Noticia de Luis Riaza[1]

Por Pedro Ruiz Pérez

Nacido en 1925, la circunstancia de la guerra civil le lleva a una formación esencialmente autodidacta y a una temprana práctica profesional con distintas proyecciones en sus obras dramáticas. Sus primeros títulos de cierta relevancia (Los muñecos, Las jaulas, El caballo dentro de la muralla, Representación de don Juan Tenorio por el carro de las meretrices ambulantes, Drama de la dama que lava entre las blancas llamas...) se concentran a finales de los sesenta y principios de la década siguiente, tras una amplia serie de ensayos anteriores en los distintos géneros. En esos títulos ya se encuentran, en forma más o menos desarrollada, algunas de las claves de su teatralidad madura: el uso de muñecos y máscaras, los argumentos de la mitología clásica y de la literatura universal, la estructura ceremonial, la lectura crítica del teatro y la teatralidad heredada, un lenguaje de rasgos antirrealistas, polifónico y lleno de matices, el protagonismo de la mujer como víctima oprimida... La cronología y la obligada cercanía a los canales del teatro independiente lo relacionan con el llamado «Nuevo Teatro Español», con algunos de cuyos miembros más destacados comparte la experiencia de la creación colectiva de un texto finalmente inacabado, El Fernando (ed. 1978). Sin embargo, sus constantes temáticas y estéticas, más allá de algunas semejanzas superficiales, son muy distintas a los de los autores de esta generación, de los que se aparta rápidamente, siguiendo una trayectoria completamente distinta a la de aquéllos.

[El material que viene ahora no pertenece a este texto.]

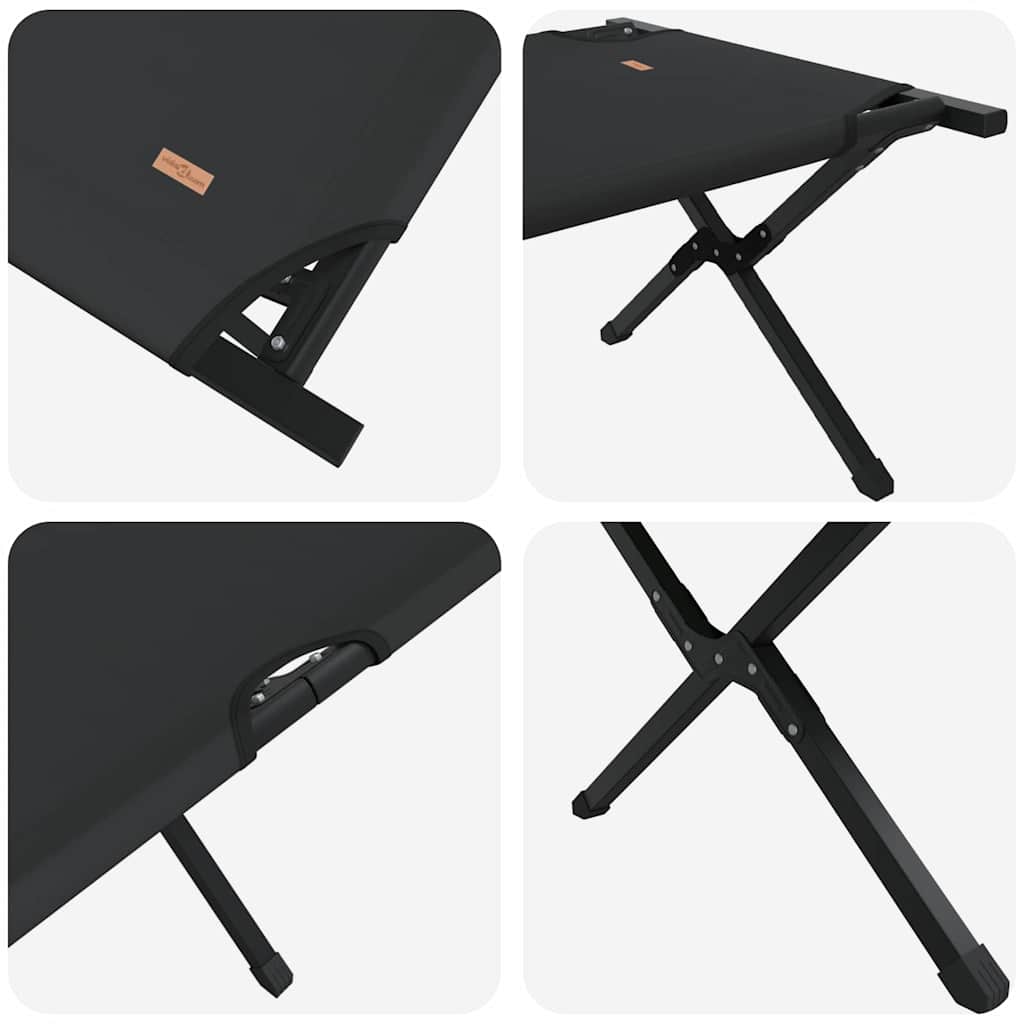 Sklopivi kamperski krevet 2 pcs Crna 193 x 69 x 45 cm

Los años setenta, marcados por la transición política en nuestro país, entre la esperanza y la desilusión, están ocupados por un ciclo de piezas maduras que giran en torno al tema del poder y su perpetuación a través de la teatralidad ceremonial. En él se inscriben obras publicadas en una colección académica de clásicos de la editorial Cátedra (El desván de los machos y el sótano de las hembras, El palacio de los monos) o estrenadas por el Centro Dramático Nacional con dirección de Miguel Narros (Retrato de dama con perrito), junto a algunas de menor repercusión (Los perros, Revolución de trapo...), con claros referentes históricos; el ciclo se cierra con unas piezas breves, Antígona... ¡cerda!, Mazurka y Epílogo, que suponen una suerte de renuncia a la incidencia social de su dramaturgia, para orientar esta a una temática de mayor hondura antropológica.

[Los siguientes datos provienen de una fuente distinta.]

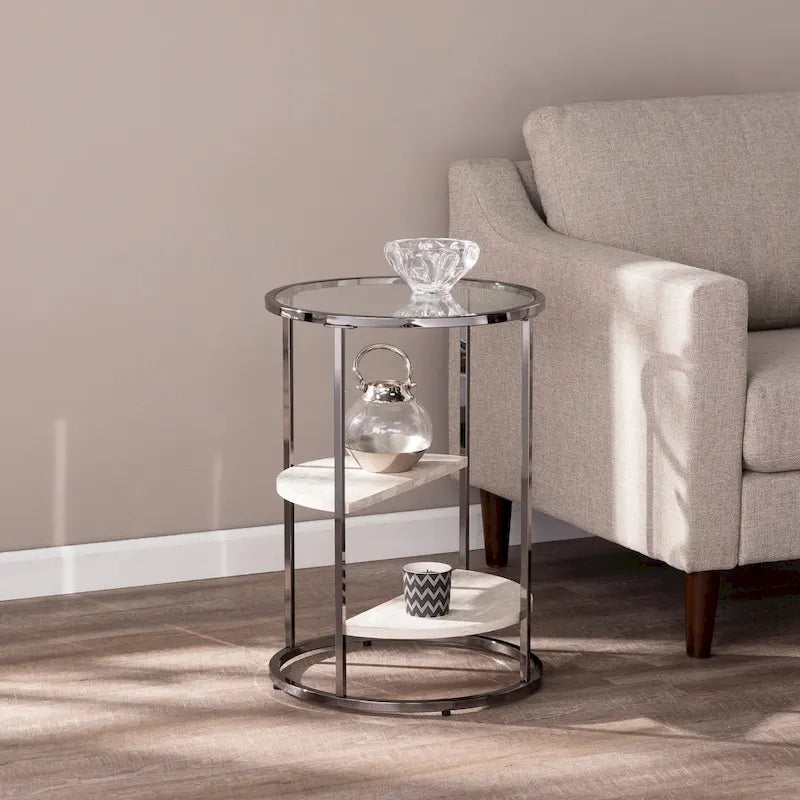   Lindale Round Side Table w/ Faux Stone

La transición a nuevos temas y modelos teatrales culmina con Medea es un buen chico y las piezas recogidas en Tríptico para teatro, junto con una serie de piezas breves de argumento edípico y en torno a la muerte. En todo este ciclo las ideas dominantes son las de la violencia originada por el deseo mimético, lo inevitable del sacrificio como elemento fundacional de todo rito y de toda estructura humana y la indistinción entre víctimas y victimarios, con una incursión excepcional en un tema candente, el terrorismo, con una estética llamativamente realista (en La emperatriz de los helados, incluida en el Tríptico). La singularidad de esta pieza hace resaltar las características peculiares de la dramaturgia riacesca, en la que maduran los rasgos iniciales, en torno a una teatralidad ceremonial, cada vez más orientada a una crueldad desnuda y desgarrada, donde el barroquismo del lenguaje sustituye el oropel escenográfico y estilístico por el conceptismo de un lenguaje polisémico, cargado de referencias de una cultura bastardeada en la que se mezclan vulgaridad y refinamiento, grosería y elevación estética, chafarrinón y sutileza de perfiles, con unos personajes recurrentes cuya individualidad psicológica desaparece ante la potencia simbólica de la máscara y la configuración arquetípica. En esta línea Riaza, recupera una línea que, a través de Valle Inclán, conecta la dramaturgia española con la tradición europea y la estética y los planteamientos de la vanguardia, y coincide por ello con otras escrituras contemporáneas, como las de Romero Esteo y Nieva, aunque estas hayan seguido a partir de los años ochenta trayectorias bien distintas, entre el silencio y la orientación hacia un teatro más aceptable y comercializado. Fiel a sí mismo y a su escritura, Riaza ha ido profundizando en aquellos rasgos esenciales de su teatralidad, lo que le ha llevado a la consideración, por críticos como Ruiz Ramón, de ser uno de los cuatro o cinco autores teatrales españoles más importantes de este siglo, incluso a colocarlo entre los grandes del contexto europeo.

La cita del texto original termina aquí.